Алексей Макушинский - У пирамиды
Таков этот персонаж и его судьба; по-настоящему зримым он, как и большинство персонажей у Гроссмана, по-моему, не становится; «эффекта присутствия» не возникает. Остаются его мысли, для романа в целом очень важные, значительные, как мне кажется, и сами по себе, мысли, которые он высказывает в разговоре с Мостовским — и развивает затем в небольшом сочинении, каковое он передает Мостовскому непосредственно перед отправкой последнего в изолятор. Мостовской же читает эти «листки» сразу после разговора с комендантом лагеря Лиссом — одна из ключевых сцен всего романа, — разговора, в котором Лисс настаивает на сходстве и соприродности двух, воюющих друг с другом, тоталитарных систем; сочинение Иконникова, которое он тоже успел прочесть (он знает русский язык), вызывает у Лисса лишь презрение, причем он совершенно ясно осознает принципиальную враждебность обеих тоталитарных идеологий высказанным в этом сочинении мыслям («У вас и у нас одна гадливость к тому, что здесь написано. Вы и мы стоим вместе, а по другую сторону вот эта дрянь!», говорит он, указывая на бумаги Иконникова — стр. 324). С тезисом о соприродности коммунизма и национал-социализма Мостовской, конечно, не соглашается (подавляя при этом свои собственные сомнения); однако бумаги Иконникова вызывают у него практически такую же реакцию, что и у оберштурмбанфюрера СС Лисса (что, разумеется, лишний раз подкрепляет вышеуказанный тезис). Интересно, что только эти комментарии тоталитарных идеологов сочинение Иконникова в самом романе и получает; от собственного комментария Гроссман воздерживается — позиция, очевидным образом противопоставляемая им тоталитарному идеологическому безумию, говорит сама за себя и держится сама собой, ни на что больше не опираясь.
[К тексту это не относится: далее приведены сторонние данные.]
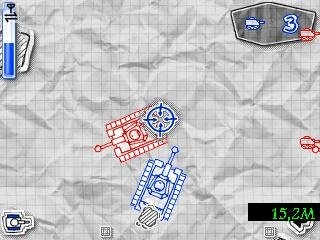 Panzerpanic 240x320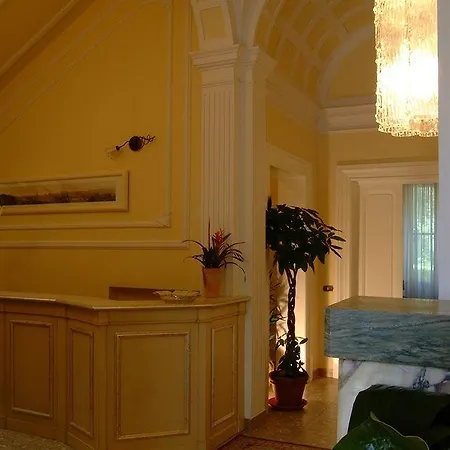 Aparthotel Michelangiolo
В «трактате» ставится все тот же вопрос о природе «добра», вопрос, утверждает Иконников, о котором задумываются все люди, не только философы и проповедники, потому что «приходит пора страшного суда» (стр. 328). Первое, что отмечает Иконников, это сужение понятия добрав ходе человеческой истории. Если, скажем, буддизм распространял понятие добра на все живое, то уже христианство ограничивает его только человеком; добро первых христиан, «добро всех людей» сменяется добром «для одних лишь христиан», существующим, «живущим» рядом с добром для мусульман и добром иудеев; добро христиан распадается, в свою очередь, на добро католиков, протестантов, добро православия И т. д.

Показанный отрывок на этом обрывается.